Der dritte Satz ging dann wieder an den Lübecker, der wie seine Frau Anja (Damen-Bezirksliga) sowie seine beiden Söhne Jan-Ole und Finn (beide Jugend-Bezirksliga) seit Jahren die Farben Grün und Weiß im Trikot haben. Allerdings konnte sich der Kaltenkirchener diesen wieder zurückholen und damit ausgleichen.
Wie so oft an diesem Abend war es der fünfte Satz, der das Ende besiegeln musste. Es war knapp in diesem Satz und zum Schluss ohne Happy End für die Lübecker. Der letzte Ballwechsel des Abends wurde um 23.10 Uhr gespielt und so war nach drei Stunden und zehn Minuten mit dem 11:13 und einer weiteren 2:3 Satz-Niederlage das Spiel verloren. Die Kaltenkirchener TS siegte mit 3:9.

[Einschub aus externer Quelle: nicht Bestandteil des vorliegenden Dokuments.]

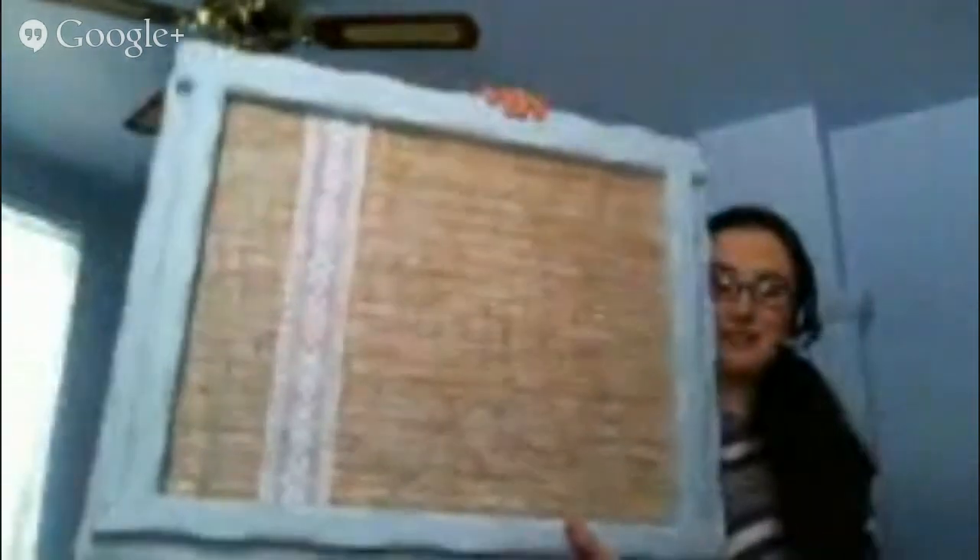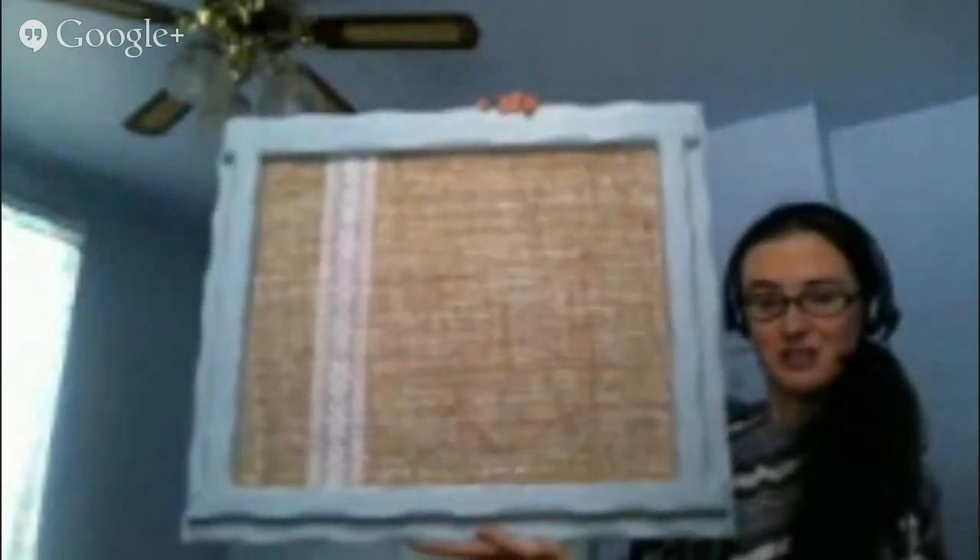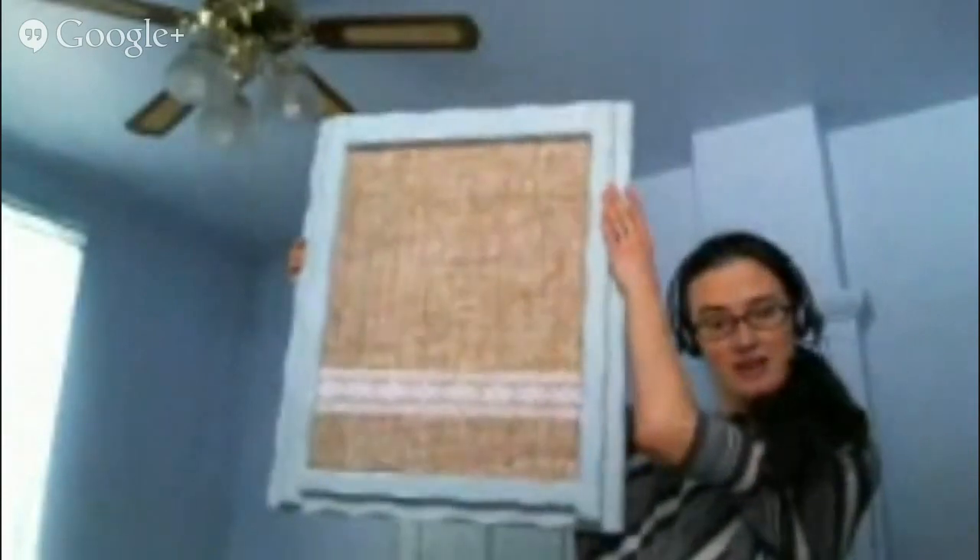Just get right to the meat of it here. This is my creation. This is a bulletin board. It can either be hung this way, or if you prefer, it can be hung this way. And I made this out of a couple pieces that I got at the thrift store.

Sieben von zwölf Partien wurden erst im fünften Satz entschieden und oftmals wog das Pech durch knappe Ballwechsel oder hier und da einem Netzroller beim VfB Lübeck schwerer, so dass es dieses Mal nicht für einen Sieg reichte.

Evers sagte nach dem Spiel zu HL-Sports: \"Meine Mannschaft hat sehr gut gespielt und viel Pech gehabt. Das Ergebnis spiegelt nicht die Leistung wieder, aber heute war der Tabellenzweite zu Gast und wir kämpfen gegen den Abstieg.\"

Auch Kapitän Heinacker war entäuscht über das Ergebnis und die verlorenen Fünf-Satz-Spiele: \"Es hätte auch anders ausgehen können\", zog er aus der Bilanz seines Teams. \"In Siek und Quickborn wollen wir besser aussehen und aus diesen beiden Spielen drei Punkte für den Klassenerhalt holen\", fügte er noch hinzu.

Das ganze Interview ist am Montag um 19.05 Uhr bei Lübeck FM Sport auf 98,8 UKW zu hören.

In der nächsten Woche muss der VfB Lübeck zweimal auswärts ran. Am Freitag reisen die Grünweißen zum SV Siek. Spielbeginn ist dort um 20.00 Uhr und bereits am Samstag um 15.00 Uhr treten sie beim direkten Tabellennachbarn TuS Holstein Quickborn an.
Das nächste Heimspiel findet am Freitag, den 15.02.2013 um 20.00 Uhr in der Paul-Gerhard-Schule statt. Gegner ist dann der TSV Bargteheide, der in der Verbandsliga-Tabelle direkt vor dem VfB Lübek auf Platz acht steht. Für alle Freunde des kleinen Balles die Gelegenheit Abstiegskampf und Emotionen pur zu erleben.

Auch bei der Jugend steht an diesem Wochenende großes auf dem Programm, denn am Sonntag stehen in Bad Schwartau die Bezirksmeisterschaften der Schülerinnen und Schüler B & C an.
Ab 9.00 Uhr wird der hoffnungsvolle Nachwuchsspieler Finn Penderak, der noch grippegeschwächt ist, um den Titel in der Rudolf-Harbig-Halle an der Ludwig-Jahn-Straße spielen. Seine Teilnahme wird sich aber erst kurz vor Turnierbeginn herausstellen.